2018年5月22日(火) 17:15 〜 18:30 ポスター会場 (幕張メッセ国際展示場 7ホール)

コンビーナ:鈴木 啓助(信州大学理学部)、苅谷 愛彦(専修大学文学部環境地理学科)、奈良間 千之(新潟大学理学部理学科、共同)、佐々木 明彦(国士舘大学文学部史学地理学科 地理・環境コース)
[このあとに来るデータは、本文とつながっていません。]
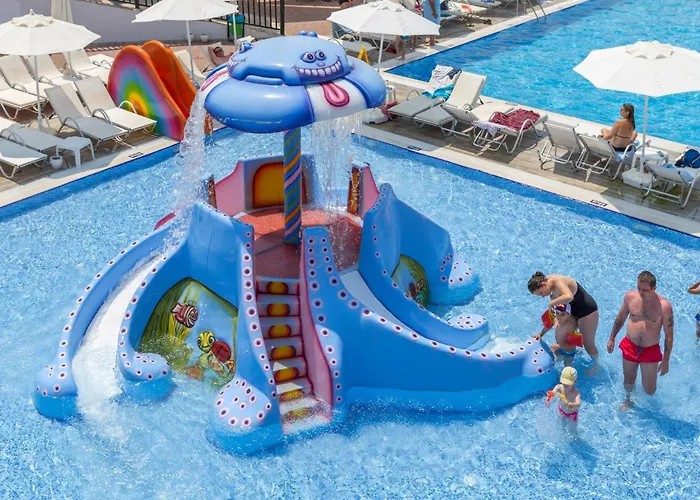 Ramada By Wyndham Akbuk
[MGI25-P12] 北アルプスにおける氷河・雪渓の質量収支と涵養機構

*有江 賢志朗1奈良間 千之1山本 遼平2福井 幸太郎3飯田 肇3 (1.新潟大学、2.朝日航洋、3.立山カルデラ博)

キーワード:氷河、質量収支、SfM、空撮

1.はじめに
 
北アルプスには,冬季の季節風によりもたらされる大量の降雪によって形成された多くの越年性雪渓が分布する(樋口ほか,1971・朝日,2013).
 また,福井・飯田(2012,2018)は,地中レーダーによる氷体の発見と,GPS測量による流動の確認により,北アルプスに存在する6つの越年性雪渓は氷河と認定された.氷河の質量収支の測定は雪尺法が一般的であるが,豪雪である北アルプスでは不向きであり,質量収支は明らかでない.
 そこで,本研究では,セスナ空撮とSfM解析ソフトを用いて北アルプスに分布する氷河・雪渓の質量収支を算出した.

2.研究手法
 
本研究では,2015年~2017年の春と秋に小型セスナ機からデジタルカメラで空撮を実施した.画像同士が重なるように1秒間隔で撮影されたデジタル画像と2次元の形状からカメラ位置や3次元形状を特定する手法であるSfM(Structure from Motion)を用いて,多時期の高分解能の数値標高モデルを作成した.数値標高モデルは,現地のGPS測量やDSMと比較し,精度検証をおこなった.多時期のDSMを比較して,積雪深,融解深を求め,春の立山室堂の積雪密度積により氷河・雪渓の積雪量,融解量,氷河の質量収支を算出した.

3.研究結果
 
今回質量収支を算出した2年間では,2015/16年は最近20年間で最も積雪深が少ない年であり,2016/17年は最近20年間で3番目に積雪深の多い年であった.算出された御前沢氷河,内蔵助氷河,三ノ窓氷河,小窓氷河,白馬大雪渓,カクネ里氷河の質量収支をみると,2015/16年の質量収支はすべての氷河・雪渓でマイナスであり,2016/17年の質量収支はすべての氷河・雪渓でプラスであった.また,積雪量は,すべての氷河・雪渓で降雪量を上回る積雪が確認され,降雪量を上回る量は,降雪量の多い2016/17年が,2015/16年に対し大幅に多かった.一方,氷河・雪渓における2年間の融解量は,ほとんど一定であった.

4.考察
 質量収支は積雪量と融解量によって決定されるが,融解量がほとんど一定であることから,北アルプスの氷河・雪渓の質量収支は積雪量に依存されると考えられる.
 降雪以外の積雪は,今西(1931)や樋口(1968)により吹きだまりやなだれの地形効果によるものとされているが,今回の結果より,データとして確認できた.
 以上のことから,北アルプスの氷河・雪渓は,豪雪と地形効果による大きな変動幅をもつ積雪量が,ほぼ一定の融解量を上下する環境で維持されていることが明らかになった.